From: Donald Marsden
Date: 11/8/2007 10:00:02 AM
To: 'Grace Fishel'
Subject: Siberia Unreached Peoples November 2007
Dear Grace,
On Tuesday, October 23 Laurie and I boarded a train in Moscow for the
two day ride to Labitnange, the town just two miles across the River Ob
from our destination of Salekhard. I am thrilled that after ten years
living in Moscow Laurie was able to join me on a trip to Siberia.
Jeremiah stayed with friends from school here in Moscow.

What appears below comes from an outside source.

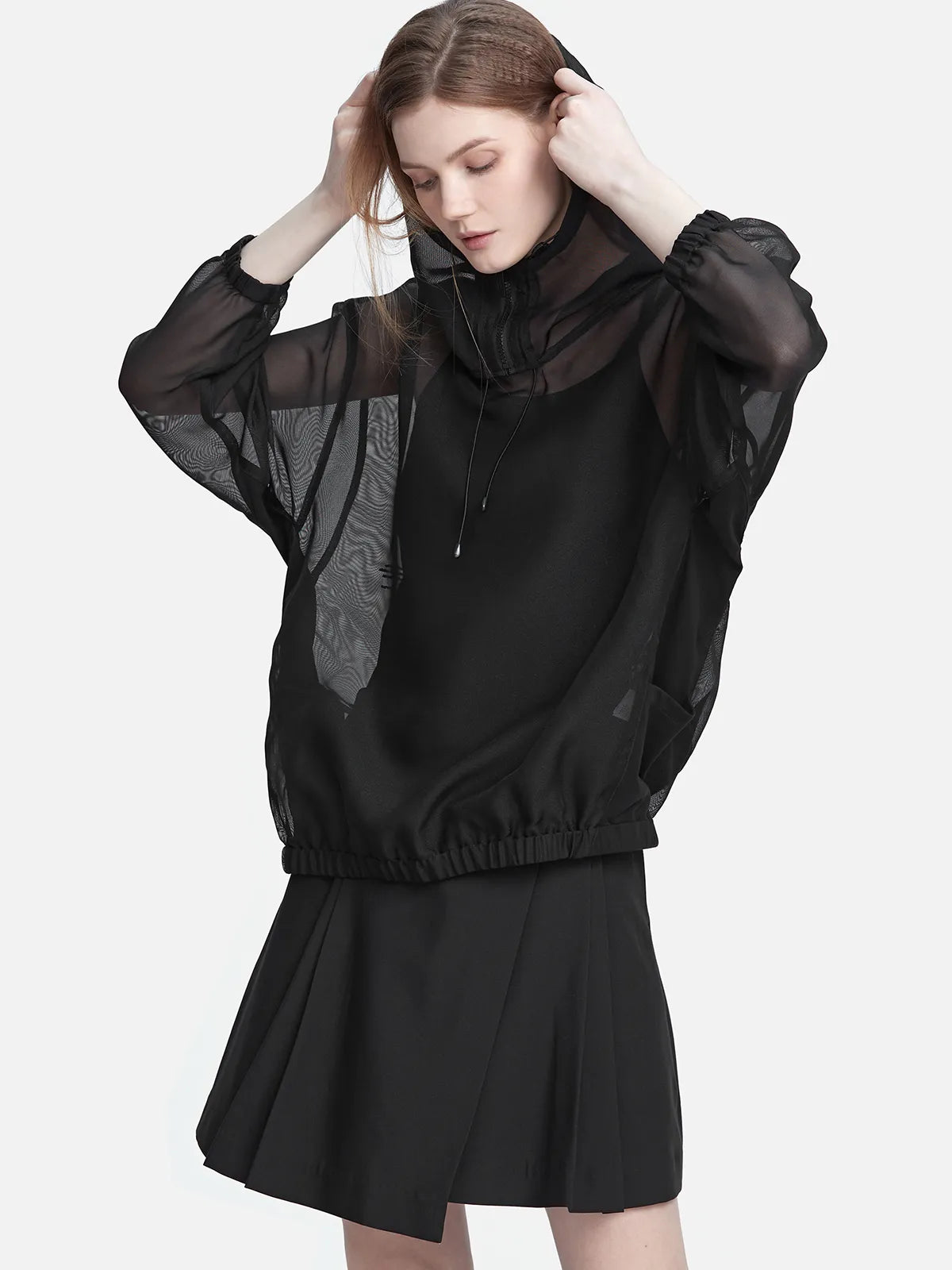 Sheer Mesh Back Letter Print Hoodie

Peter Khudi, a leader of the Nenets ministry in Salekhard, and Matt
Honig, an American who recently arrived here with his family to work on
the translation of the Bible into the Khant language, met us Thursday
night, October 25 at the train station in Kharp, a small town in the
Ural mountains just a half an hour's drive from Labitnange. Driving to
Labitnange in Peter's Toyota pick-up, we floated on a barge across the
river to Salekhard because there is no bridge across the Ob.
Laurie and I stayed with Matt, his wife Shelby and their three children
Micah (8), Keegan (5) and Cora (3). This very energetic family lives in
a compact three room apartment, and they are in the process of adopting
two boys from Ukraine, but they gave one of their rooms to Laurie and
me. They are the only Americans living in Salekhard.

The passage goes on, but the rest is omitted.